It may be hard for residents to believe, but the City of Toronto has one of the most advanced traffic systems that was available on the market.
Back in 1992, anyway.
That’s when the first Split Cycle Offset Optimization Technique (SCOOT)-driven traffic control system was installed in Toronto. Designed to optimize traffic signal operations based on real-time traffic conditions, it was a boon at the time but is sorely in need of an update – which is why the city’s transportation services division is running two pilot projects designed to choose a technology to replace them, manager Barb Gray told IT World Canada during the company’s recent Technicity conference.
“There’s no more capacity to build additional roads,” she says. “At the same time, the city growing, and we want the economic investment, commercial development, and residential development that brings. So we need to actively manage the network that we have, and technology provides tremendous opportunity to do that.”
Unlike SCOOT, which uses vehicle detection loops to measure traffic and falls back on a predetermined Urban Traffic Control (UTC) schedule as a failsafe, both of the city’s current pilots utilise artificial intelligence (AI) in some fashion.
Installed in 10 locations, the American InSync system relies on a video camera feed, while using machine learning to detect the number of vehicles approaching an intersection and relay that data to its associated traffic signals.
Meanwhile, the Sydney Coordinated Adaptive Traffic System (SCATS), used in Australia, has been installed in 12 locations, and uses radar detection to measure traffic flow along an intersection while adjusting signals accordingly.
“We’re piloting two so that we can see which one is a better investment for our capital programs moving forward,” Gray says.
Though she cannot yet comment on the department’s preference, both systems are adaptive, which was its primary consideration, she says.
“Say the Rogers Centre empties out and you need a lot of throughput for an hour, but don’t need it to stay that way,” Gray says. “As the traffic starts to dissipate then the green time will go back to its normal set.”
The city has also piloted the use of drones, scanning congestion at special events from a bird’s eye view and analyzing how traffic behaves when they close a particular street or intersection, and is working closely with its emergency services and transit departments to help emergency and public vehicles navigate the city more easily using smart signal technology, she notes.
The city’s smart cities working group is also examining the impact of autonomous vehicles on traffic, Gray says.

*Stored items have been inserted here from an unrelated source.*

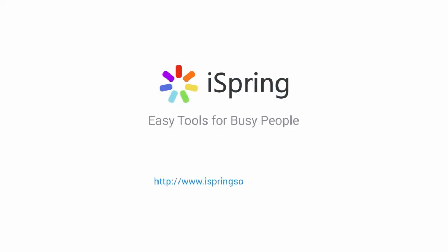Did you like this video? Give it a like, and subscribe to the iSpring YouTube channel for more updates!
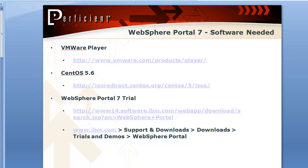And then finally we'll download what we're actually looking to do, the WebSphere Portal 7 trial version, which is the Express version of Portal.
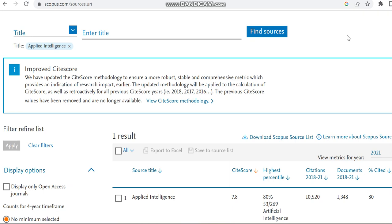Hello all, today in this video I'm going to provide details regarding a Springer Scopus-indexed journal which takes only less time for first decision. I'm just moving this journal from the Scopus preview page to check whether this journal is in Scopus or not. While I'm making this video, this journal is in Scopus.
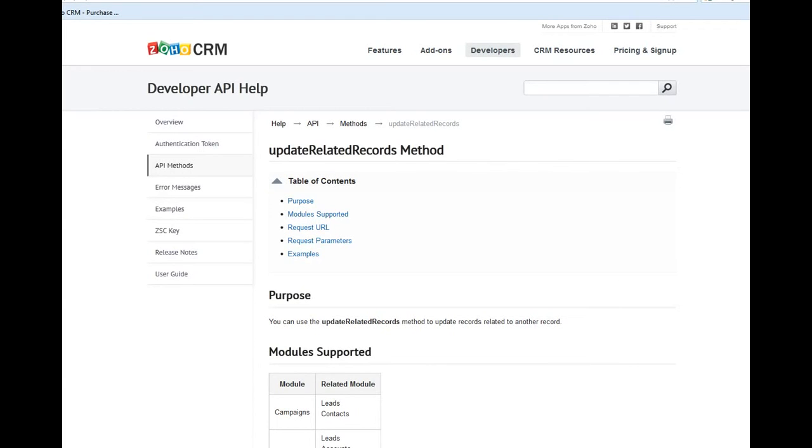Hi, today I'm going to talk about how to relate one of your Zoho CRM campaign names to a newly created lead by using API programming.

“Curb space becomes a very important commodity (with autonomous vehicles),” she says. “Because if you have fleets of autonomous vehicles, the space where somebody can park, do their shopping, and leave becomes a shrinking resource, and the need for curb space where vehicles can pick up and drop off passengers becomes more significant.”
The division has already begun collaborating with provincial transportation authority Metrolinx on an initiative to test autonomous technology on Toronto streets, she adds.
Its two technology-driven traffic reduction pilot projects began at the end of November and are expected to last for the next year.